Disparos de precios y escasez de productos petroquímicos a raíz de la guerra en Irán probablemente causarán efectos inflacionarios al menos hasta fin de año en materiales de construcción, bienes de consumo, industrias automotriz y aeroespacial, y mucho más, dijo el CEO de Dow Chemical.
Mientras gran parte del enfoque del shock de suministro global se centra en petróleo, gas natural, fertilizantes e incluso helio para semiconductores, cerca del 20% de la capacidad petroquímica mundial está bloqueada por el cierre efectivo del punto estratégico del Estrecho de Ormuz por parte de Irán, dijo el presidente y CEO de Dow, Jim Fitterling.
«El destino está marcado para el resto del año en lo que sucederá en los mercados», dijo Fitterling en la conferencia CERAWeek de S&P Global en Houston. «Es como el desenredo que vimos en las cadenas de suministro durante el COVID.»

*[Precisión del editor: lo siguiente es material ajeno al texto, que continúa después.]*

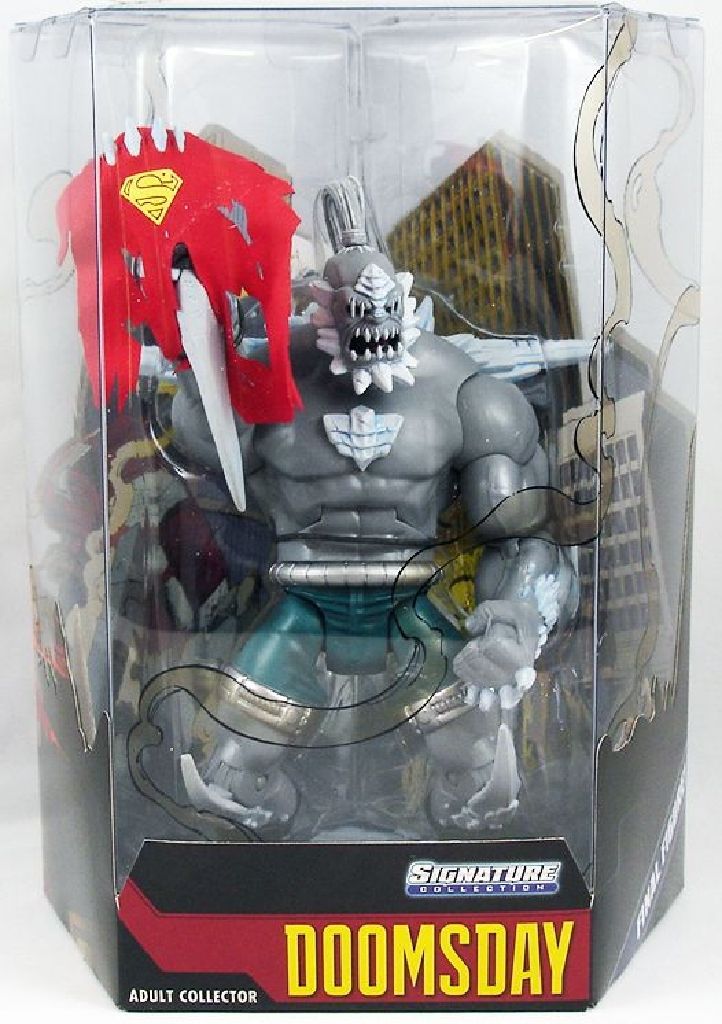 Doomsday - DC Signature Series (Mattel) (Superman) action figure collectible - Main Image 2
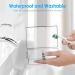 Enerfort Electric Toothbrush Heads Case - Clear, Compatible with Oral B and Philips Brushes - Buy Online on GoSupps.com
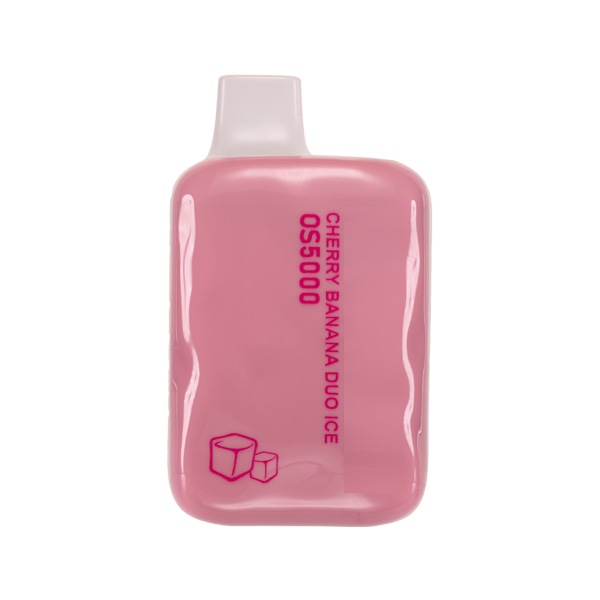 Cherry Banana Duo Ice Lost Mary OS5000 - Elf Bar Vape Shop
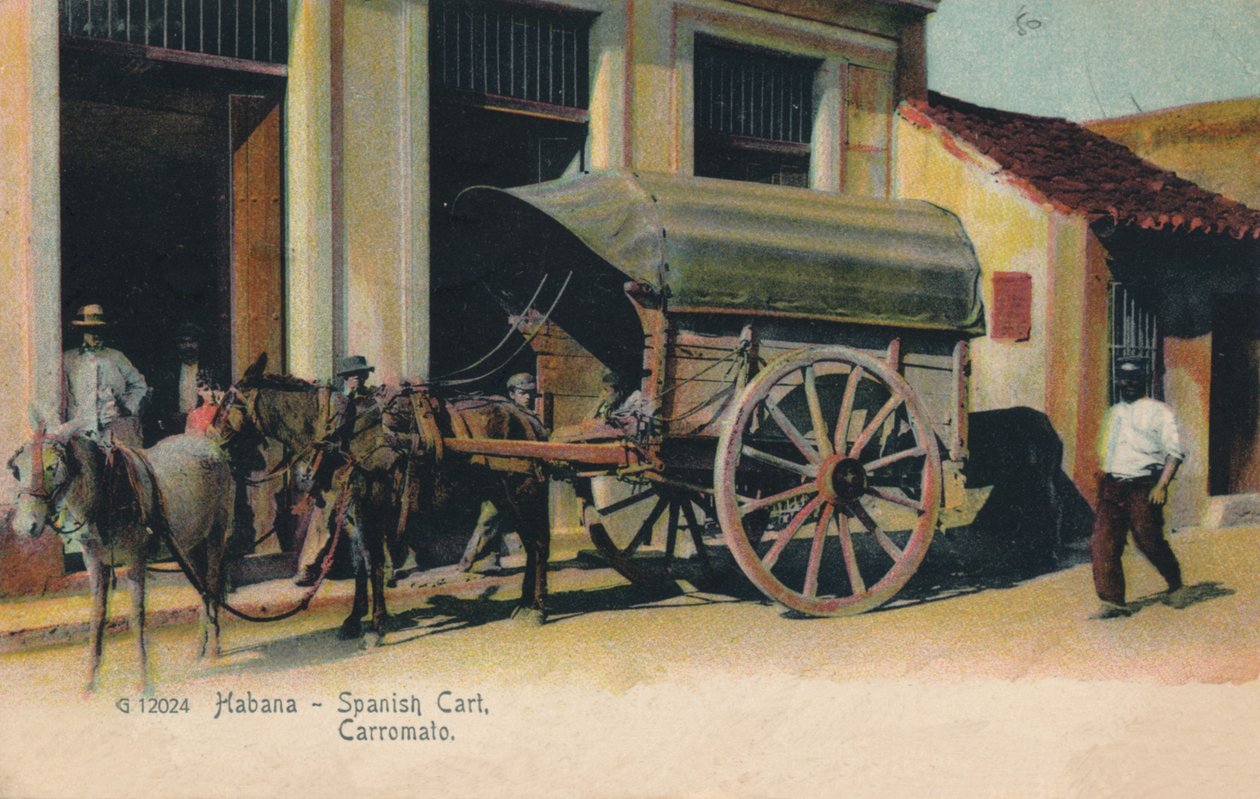 Havanna - espanjalainen kori. Carromato, c1907 tekijältä Unbekannt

«Podríamos estar en el rango de 250 a 275 días. Esto no será una reversión instantánea.»
El shock de suministro no solo agravará las llamadas tendencias económicas en forma de K, dijo, sino que también creará mayores diferencias entre los que tienen más y los que tienen menos en los hemisferios occidental y oriental.
Ya muchas plantas asiáticas están declarando fuerza mayor y reduciendo drásticamente la producción porque no pueden obtener el nafta, dijo Kurt Barrow, vicepresidente de Energía de S&P Global para investigación de petróleo, combustibles y productos químicos.
«Estamos viendo la fuerza mayor de plantas en Asia, pero aún no vemos las escaseces en Home Depot», dijo Barrow a Fortune. «Pero existe esa posibilidad. Los productos químicos van a todo.»
Cómo se desarrollan las cadenas de suministro
Mientras que 150 barcos típicamente pasaban por el Estrecho de Ormuz cada día, Fitterling estima que solo unos 15 barcos escoltados procederán diariamente inicialmente cuando el estrecho finalmente sea reabierto.
El proceso comenzará priorizando el petróleo y el gas, más de 300 de los aproximadamente 430 barcos varados son petroleros, y luego probablemente dará prioridad secundaria a los fertilizantes para la agricultura y los suministros alimentarios.
«Los productos petroquímicos estarán en algún lugar de la lista», dijo Fitterling, y esos barcos realizan viajes de cuatro semanas a Asia. «Debes despejar la cadena de suministro fuera del Golfo Arábigo.»
Por eso, el arbitraje de precios base de productos petroquímicos entre EE. UU. y Asia, normalmente menor a $500 por tonelada métrica, ha aumentado por encima de $1,200, dijo. Los precios seguirán subiendo en todas partes.
«Tenemos que navegar una economía de dos velocidades; tenemos que navegar una gran perturbación geopolítica», dijo Fitterling. «La volatilidad está en niveles inauditos en este momento.»
A simple vista, estas son buenas noticias para los productores petroquímicos de EE. UU. Gran parte del crecimiento de Dow en los últimos años es en Texas, Luisiana y Canadá. Pero Dow, al igual que muchos otros líderes petroquímicos, está diversificado y Dow tiene operaciones importantes en Asia, incluyendo grandes empresas conjuntas en Arabia Saudita.
El sector petroquímico ha sufrido una recesión generalizada en los últimos años y, a finales de enero, Dow (n.° 103 en la lista Fortune 500) anunció un plan de «transformar para superar» que apunta a $2 mil millones en ahorros, incluidos 4,500 despidos.
Comenzando con un pequeño repunte de la industria a principios de este año, el anuncio de Dow y ahora un aumento a raíz de la guerra en Irán, las acciones de Dow han subido casi un 70% en lo que va del año.
Pero Fitterling no está celebrando. Está lamentando la volatilidad.
Por ejemplo, dijo que esperaba que las tasas de interés relativamente bajas de este año «estimularan más demanda de viviendas», pero el «impacto inflacionario» de esta guerra en Irán podría llevar a un aumento de las tasas de interés nuevamente y un menor crecimiento económico.
En EE. UU., las plantas petroquímicas funcionarán a plena capacidad para ayudar a la demanda del mercado y capturar mayores márgenes de beneficio, dijo Barrow.
«EE. UU. está en una posición realmente ventajosa», dijo Barrow. «Esas divisiones corren tan rápido como pueden para abastecer el mercado, pero la realidad es que no hay capacidad de sobra en el mundo para cubrir esa brecha.
«Vamos a tener quienes tienen más y quienes tienen menos.»